Problem description:
Please restate word for word each line from the one containing "floral; black; multicolor" to the last line of the records below, and drop the pictures.

==== Data for review

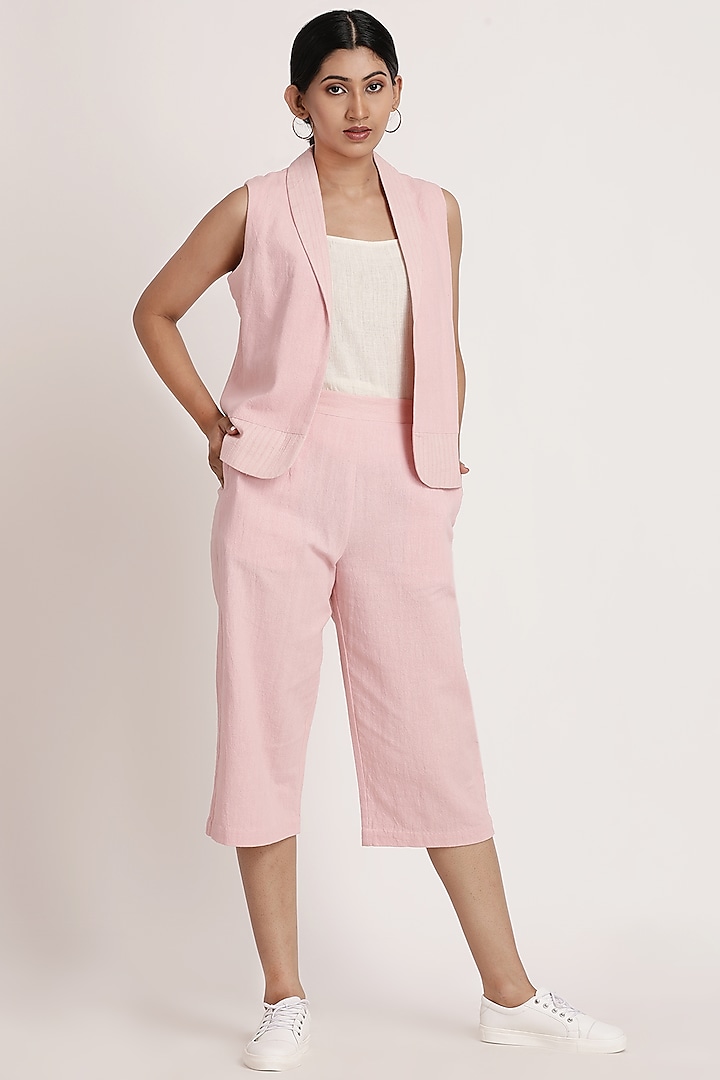 Baby Pink Handwoven Cotton Blazer Set by ITYA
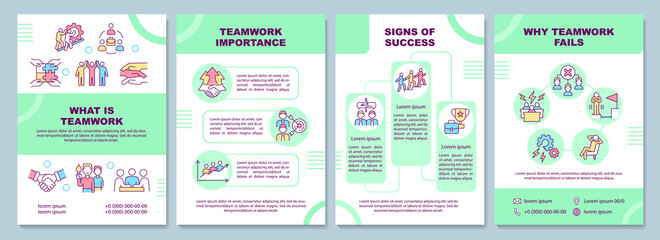 Teamwork green brochure template. Fails and success. Booklet print design with linear icons. Vector layouts for presentation, annual reports, ads. Arial-Black, Myriad Pro-Regular fonts used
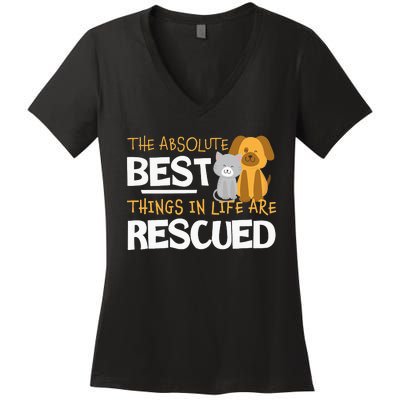 Adopt Don't Shop Animal Lovers Rescue Dog Cat Women's V-Neck T-Shirt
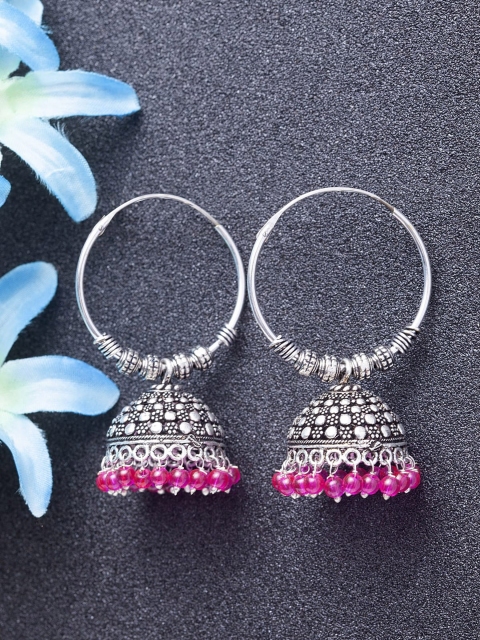 

Stoln Silver-Toned & Pink Set of 3 Dome Shaped Jhumkas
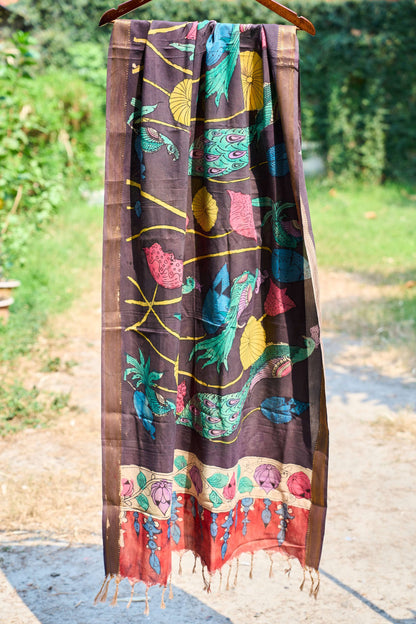floral; black; multicolor silk Black Maheshwari Silk Kalamkari Dupatta - Black Bloom by Label A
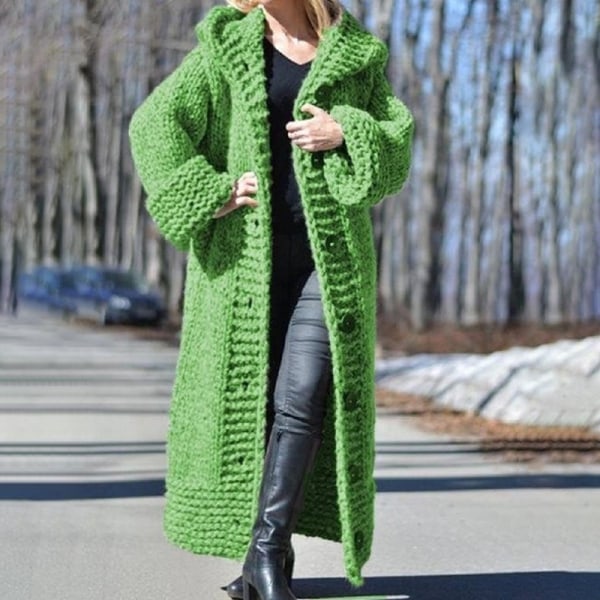 Naisten talven lämpimät neulepuserot Yksivärinen villapaita Green 2XL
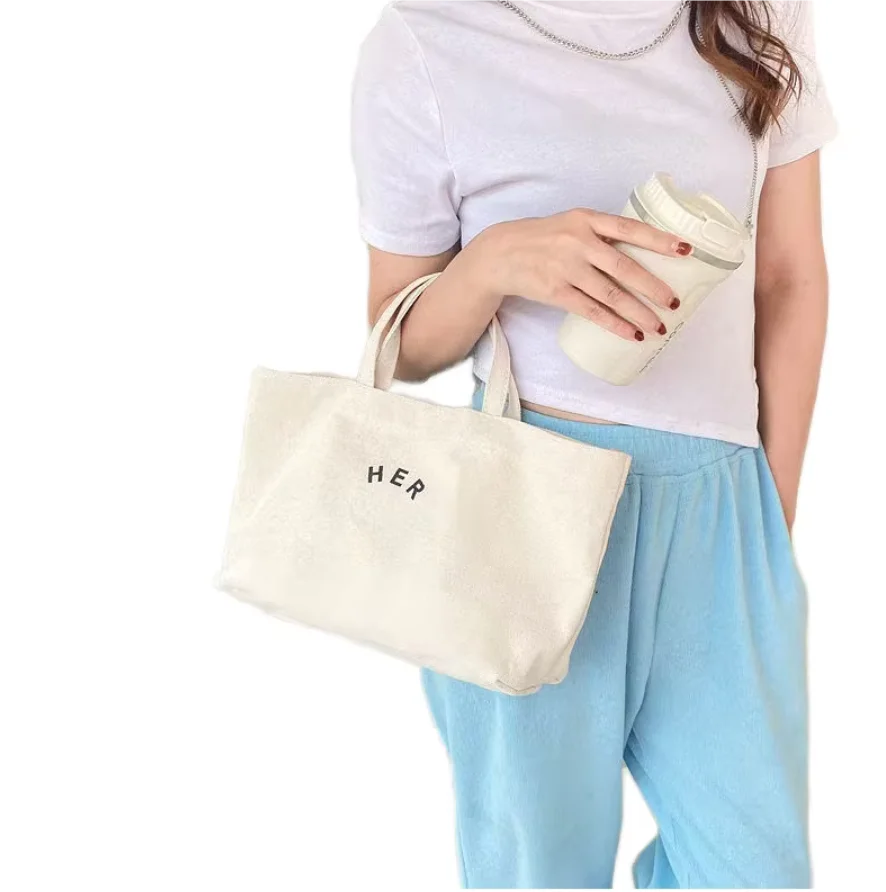 Customized Cheap Promotional Reusable Eco Friendly Large Capacity Zipper Women Cotton Canvas Tote Shopping Bag With  Logo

========

Answer to this task:
floral; black; multicolor silk Black Maheshwari Silk Kalamkari Dupatta - Black Bloom by Label A
 Naisten talven lämpimät neulepuserot Yksivärinen villapaita Green 2XL
 Customized Cheap Promotional Reusable Eco Friendly Large Capacity Zipper Women Cotton Canvas Tote Shopping Bag With  Logo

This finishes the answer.